How to complete this task
Dropping every picture, set down exactly the lines in the entries below, starting with the line with "Joyful white young-adult" and going on through the line with "Fried chicken with".

Data for review
=== Begin Enclosure ===

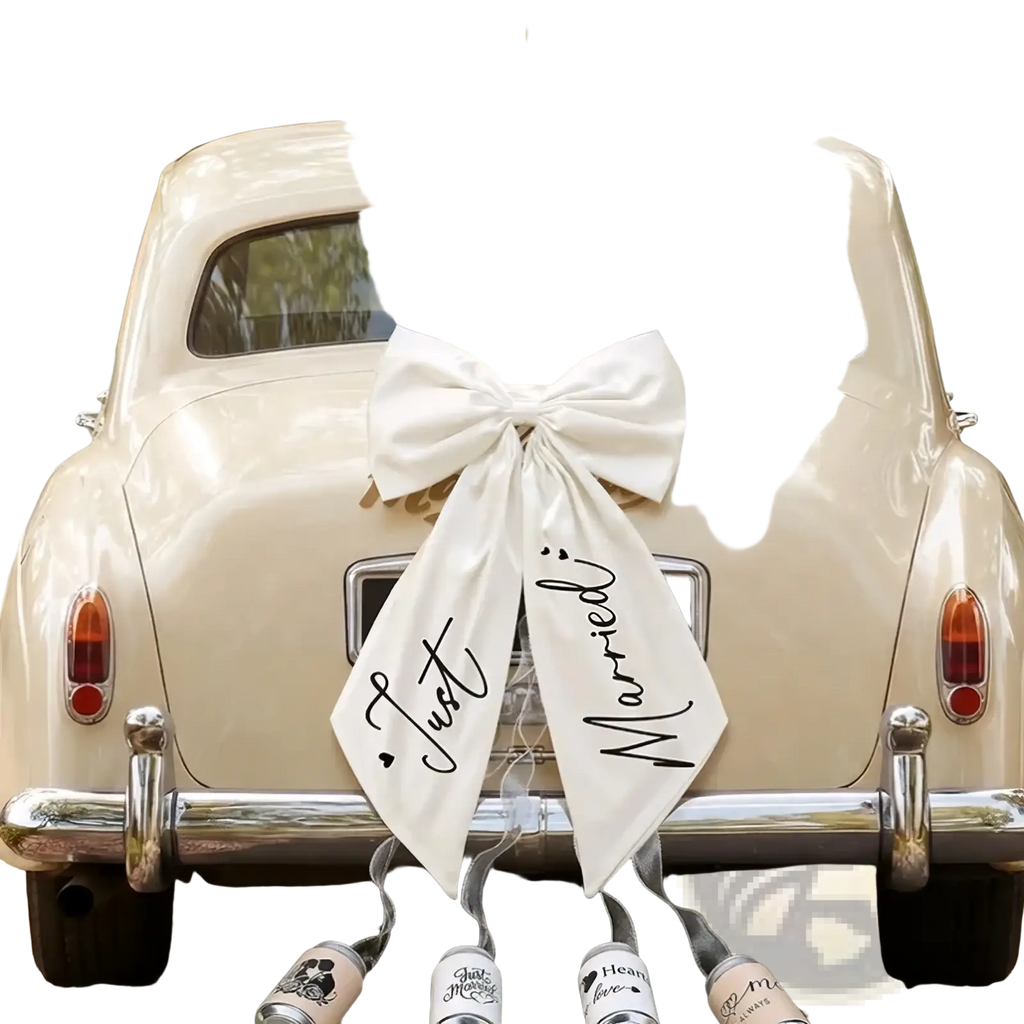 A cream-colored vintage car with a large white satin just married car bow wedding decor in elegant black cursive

=== End Enclosure ===
=== Begin Enclosure ===

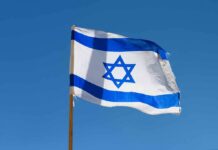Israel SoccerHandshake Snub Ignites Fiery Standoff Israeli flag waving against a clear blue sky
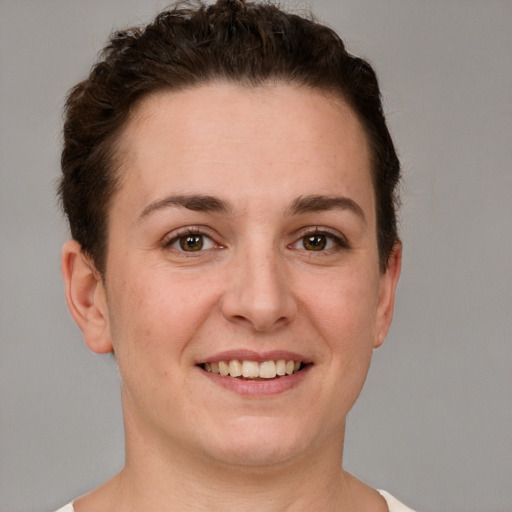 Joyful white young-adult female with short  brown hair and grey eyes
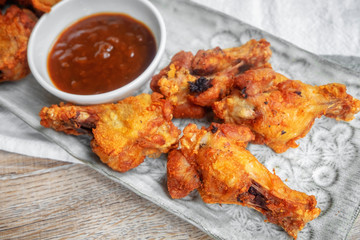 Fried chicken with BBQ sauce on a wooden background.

=== End Enclosure ===
=== Begin Enclosure ===

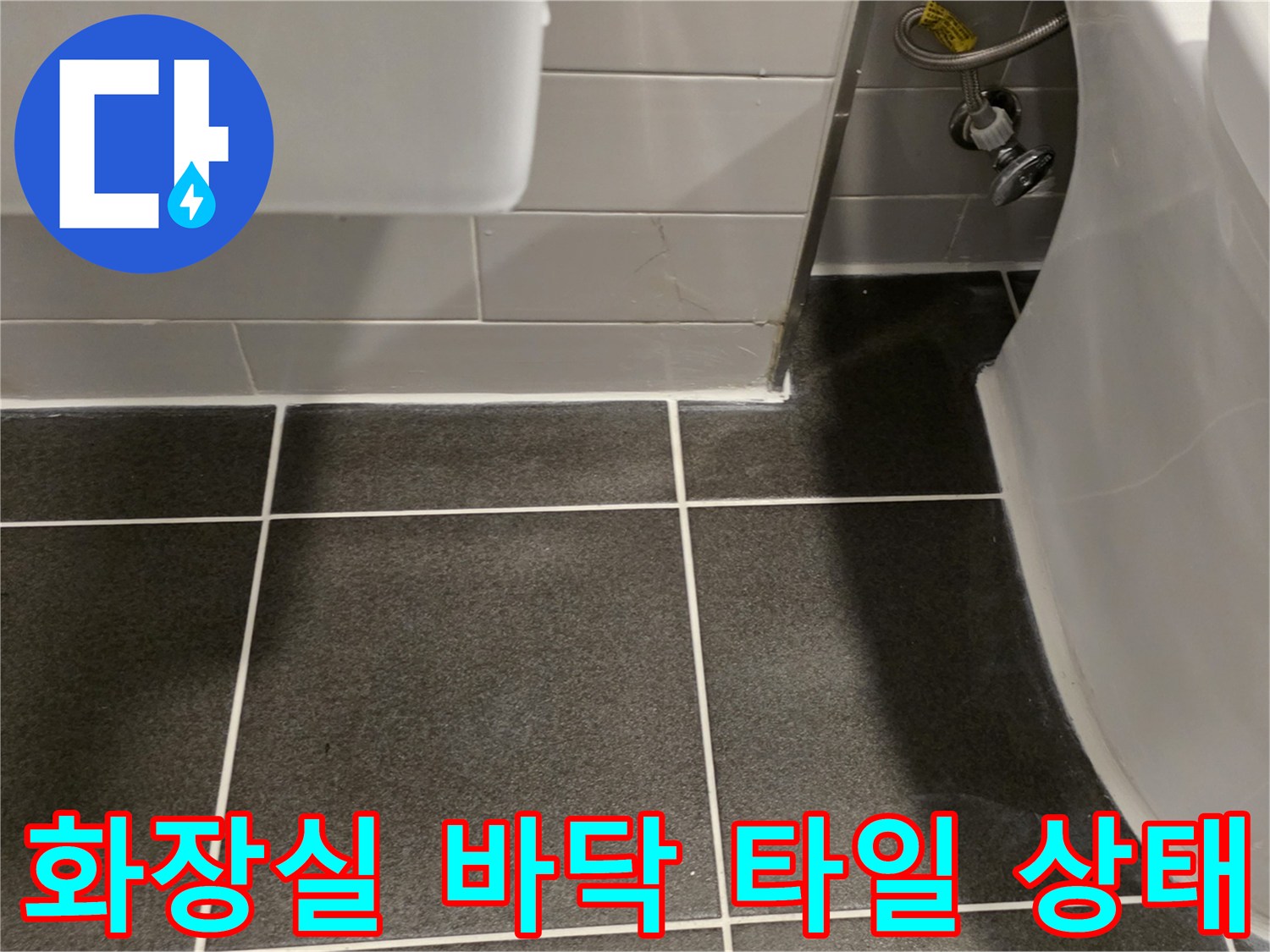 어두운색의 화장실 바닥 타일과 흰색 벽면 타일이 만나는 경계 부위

=== End Enclosure ===

Output
 Joyful white young-adult female with short  brown hair and grey eyes
 Fried chicken with BBQ sauce on a wooden background.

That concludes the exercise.